Learning shape correspondence with anisotropic convolutional neural networks

TL;DR

This paper introduces an anisotropic convolutional neural network architecture that effectively learns shape correspondences on non-Euclidean domains, especially under challenging deformations and noise, achieving state-of-the-art results.

Contribution

The paper proposes a novel ACNN architecture based on anisotropic diffusion kernels for intrinsic shape correspondence, generalizing convolutions to non-Euclidean domains.

Findings

Achieves state-of-the-art results on shape correspondence benchmarks.

Effectively handles non-isometric deformations and topological noise.

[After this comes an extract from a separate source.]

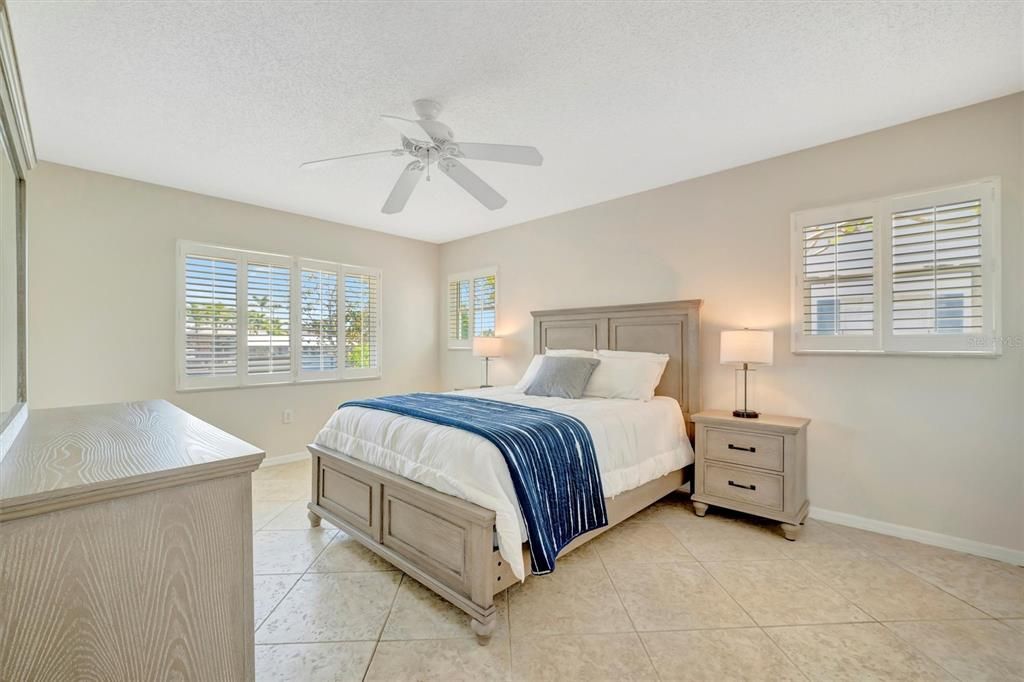 Под контрактом: $420,000 (3 спален, 2 ванн, 1738 Квадратных фут)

Demonstrates the effectiveness of anisotropic diffusion kernels in deep learning for geometry processing.

Abstract

Establishing correspondence between shapes is a fundamental problem in geometry processing, arising in a wide variety of applications. The problem is especially difficult in the setting of non-isometric deformations, as well as in the presence of topological noise and missing parts, mainly due to the limited capability to model such deformations axiomatically. Several recent works showed that invariance to complex shape transformations can be learned from examples. In this paper, we introduce an intrinsic convolutional neural network architecture based on anisotropic diffusion kernels, which we term Anisotropic Convolutional Neural Network (ACNN). In our construction, we generalize convolutions to non-Euclidean domains by constructing a set of oriented anisotropic diffusion kernels, creating in this way a local intrinsic polar representation of the data (`patch'), which is then correlated with a filter. Several cascades of such filters, linear, and non-linear operators are stacked to form a deep neural network whose parameters are learned by minimizing a task-specific cost. We use ACNNs to effectively learn intrinsic dense correspondences between deformable shapes in very challenging settings, achieving state-of-the-art results on some of the most difficult recent correspondence benchmarks.